Everything from the line holding "Fahrzeugabbildung Citroën e-C3" through the final line of the entries below is to be written out exactly, and nothing more; leave out pictures.

__Given data__
● ● ● ● ● ● ●

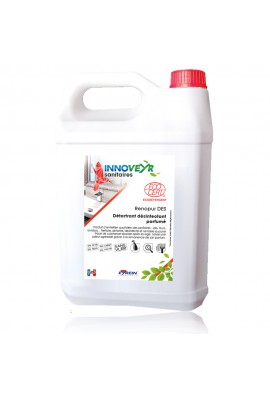 RENOPUR SANITAIRE DESINFECTANT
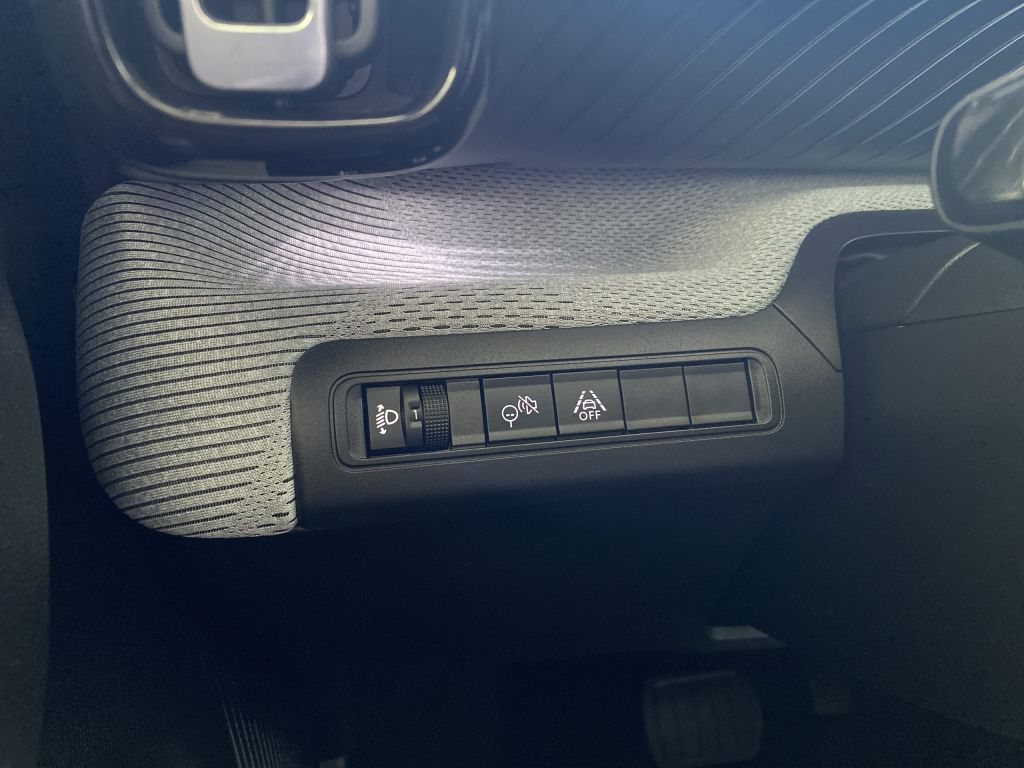 Fahrzeugabbildung Citroën e-C3 Aircross Long-Range MAX -3000 EUR mgl.*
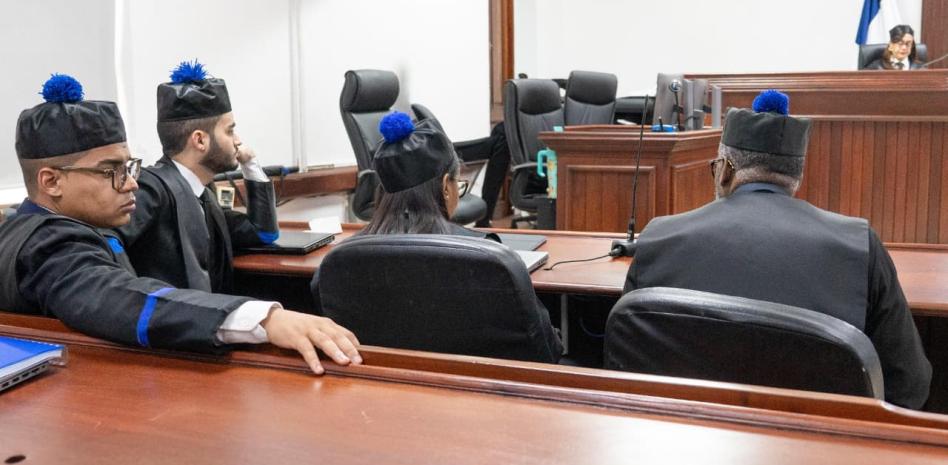 Tribunal rechaza solicitud de nulidad de juicio seguido contra Jean Alain Rodríguez y compartes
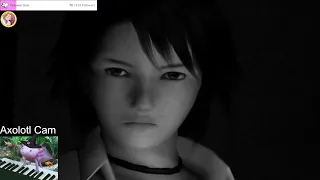 Fatal Frame 1 - Live Stream - "Did you know this is based on a true story? (THIS TIME WITH GHOSTS)"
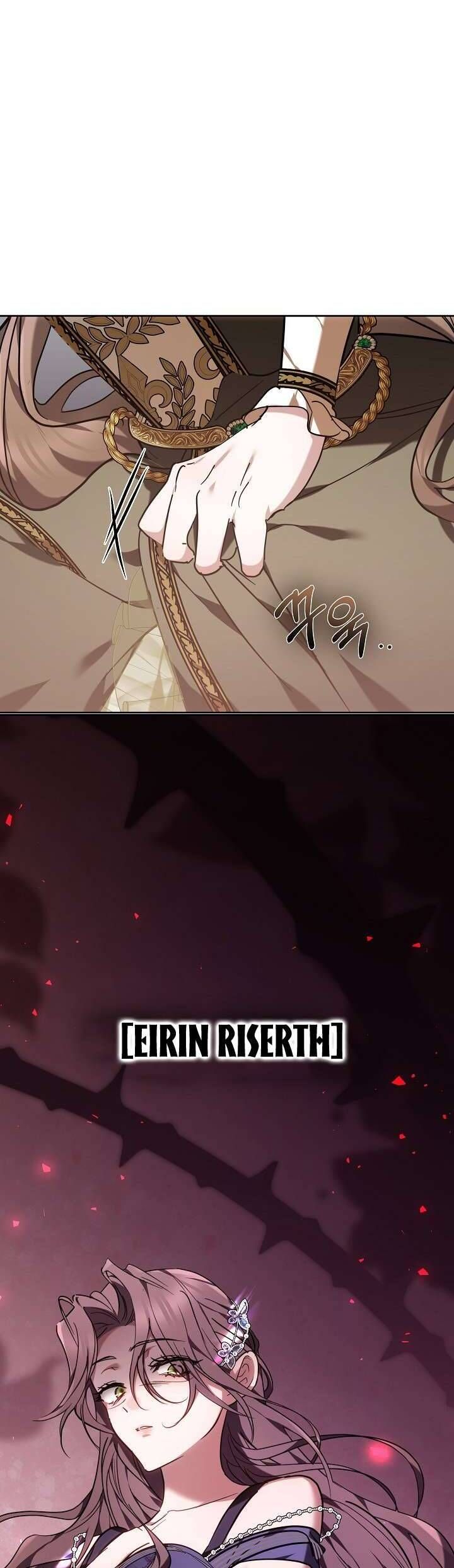 Lý Do Mà Ác Nữ Ấy Cầm Kiếm Chap 1 - Next Chap 2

● ● ● ● ● ● ●

__Output of the exercise__
 Fahrzeugabbildung Citroën e-C3 Aircross Long-Range MAX -3000 EUR mgl.*
 Tribunal rechaza solicitud de nulidad de juicio seguido contra Jean Alain Rodríguez y compartes
 Fatal Frame 1 - Live Stream - "Did you know this is based on a true story? (THIS TIME WITH GHOSTS)"
 Lý Do Mà Ác Nữ Ấy Cầm Kiếm Chap 1 - Next Chap 2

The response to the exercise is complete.